What is the impact of the lack of sidewalks on a neighborhood? It removes most of the social supports for both mothers and children. Know any teenaged baby sitters? I don't. Want someone to play with? Mom will make a few phone calls and see what she can set up for Tuesday of next week. And it gets scary when there's an actual emergency if you don't know anyone nearby. I've shovelled snow with pneumonia because I didn't know what else to do. I've taken an infant along when I went to the emergency room, since there was nothing else I could do. Neighborhoods without sidewalks are stripped of a lot of basic supports for family life because people do not know one another and do not regularly interact.

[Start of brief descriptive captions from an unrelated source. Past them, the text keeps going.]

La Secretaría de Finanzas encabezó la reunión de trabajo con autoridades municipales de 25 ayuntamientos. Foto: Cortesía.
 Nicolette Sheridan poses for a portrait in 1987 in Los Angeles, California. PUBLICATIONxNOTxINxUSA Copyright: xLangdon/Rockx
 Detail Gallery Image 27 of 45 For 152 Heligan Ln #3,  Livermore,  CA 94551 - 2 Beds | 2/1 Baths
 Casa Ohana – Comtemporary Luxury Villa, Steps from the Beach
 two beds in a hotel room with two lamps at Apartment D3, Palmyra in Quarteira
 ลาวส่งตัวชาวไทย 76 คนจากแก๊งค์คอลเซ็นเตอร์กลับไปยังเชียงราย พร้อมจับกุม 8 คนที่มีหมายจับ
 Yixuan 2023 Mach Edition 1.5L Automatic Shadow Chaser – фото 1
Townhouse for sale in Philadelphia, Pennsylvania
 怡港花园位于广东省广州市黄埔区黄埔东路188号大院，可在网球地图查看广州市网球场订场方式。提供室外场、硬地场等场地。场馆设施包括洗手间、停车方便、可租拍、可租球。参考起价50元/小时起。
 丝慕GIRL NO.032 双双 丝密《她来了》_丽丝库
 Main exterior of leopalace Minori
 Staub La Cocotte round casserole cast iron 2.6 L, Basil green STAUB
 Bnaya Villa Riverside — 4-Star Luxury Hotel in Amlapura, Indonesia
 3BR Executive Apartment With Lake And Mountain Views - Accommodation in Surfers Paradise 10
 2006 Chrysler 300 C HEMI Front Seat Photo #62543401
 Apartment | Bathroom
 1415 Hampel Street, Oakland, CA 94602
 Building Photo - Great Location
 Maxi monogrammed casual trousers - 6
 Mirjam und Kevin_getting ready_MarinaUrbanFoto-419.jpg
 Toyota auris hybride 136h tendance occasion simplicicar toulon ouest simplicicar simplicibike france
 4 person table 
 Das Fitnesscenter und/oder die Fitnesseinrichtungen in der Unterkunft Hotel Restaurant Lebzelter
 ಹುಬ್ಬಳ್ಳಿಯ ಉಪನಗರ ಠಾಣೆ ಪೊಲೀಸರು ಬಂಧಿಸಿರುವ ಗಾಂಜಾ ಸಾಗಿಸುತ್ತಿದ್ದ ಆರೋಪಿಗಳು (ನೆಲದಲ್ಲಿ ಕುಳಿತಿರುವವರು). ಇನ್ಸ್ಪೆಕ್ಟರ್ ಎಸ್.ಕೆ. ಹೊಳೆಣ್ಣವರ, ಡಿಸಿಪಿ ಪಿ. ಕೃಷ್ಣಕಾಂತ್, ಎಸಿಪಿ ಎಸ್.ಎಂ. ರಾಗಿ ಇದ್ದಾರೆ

So, other than the very cumbersome institution of "playdates," how do children have friends? Parents sign the kids up for activities. The lack of sidewalks strips the neighborhood of one of its basic functions, which is then sold back to us at a premium price. How do people find baby sitting? Many have live-in baby sitters or regular sitters charging $12/hour or more. I can't hire random teenagers I don't know, and since I have no network for knowing them, I pay experienced adults with many references. This means that at home, I don't get out much in the evening. Similarly, all other functions that might emerge from cooperative effort within a neighborhood are subcontracted. Running a household around here up to local standards amounts to managing a complex network of subcontractors. (Some even contract out the putting up of Christmas decorations.)

Parents can drive and can subcontract, but children can't. They live strangely isolated and over-supervised lives with little autonomy or opportunity for exploration. (I have thought of nominating poison ivy as the official plant of Westchester County, since it seems to me an icon of isolating greenery.) I can't quite imagne growing up this way, and yet my children are.

What has all this to do with family values? A functioning family is not a discrete nuclear entity. Rather, it functions within a community, and stripped of it neighborhood supports it is much less functional. Supporting the family means supporting the neighborhood, and neighborhoods are much more likely to function properly if they have sidewalks.

Does the lack of sidewalks contribute to divorce and the breakdown of families? I think it does, though I know of no statistical evidence one way or another.

Why are neighborhoods built without sidewalks? Because sidewalks are expensive and contractors are allowed by municipalities to get away with building developments without. We shouln't allow them to do that, but increasingly the suburban neighborhood without sidewalks is the shape of American life.

PETER'S THOUGHT FOR THE DAY: Why don't apes have playdates?

That simple question is in its way quite profound and resonates nicely with my post of this morning. (I did explain to him that we are apes. But he meant all the rest of the apes.)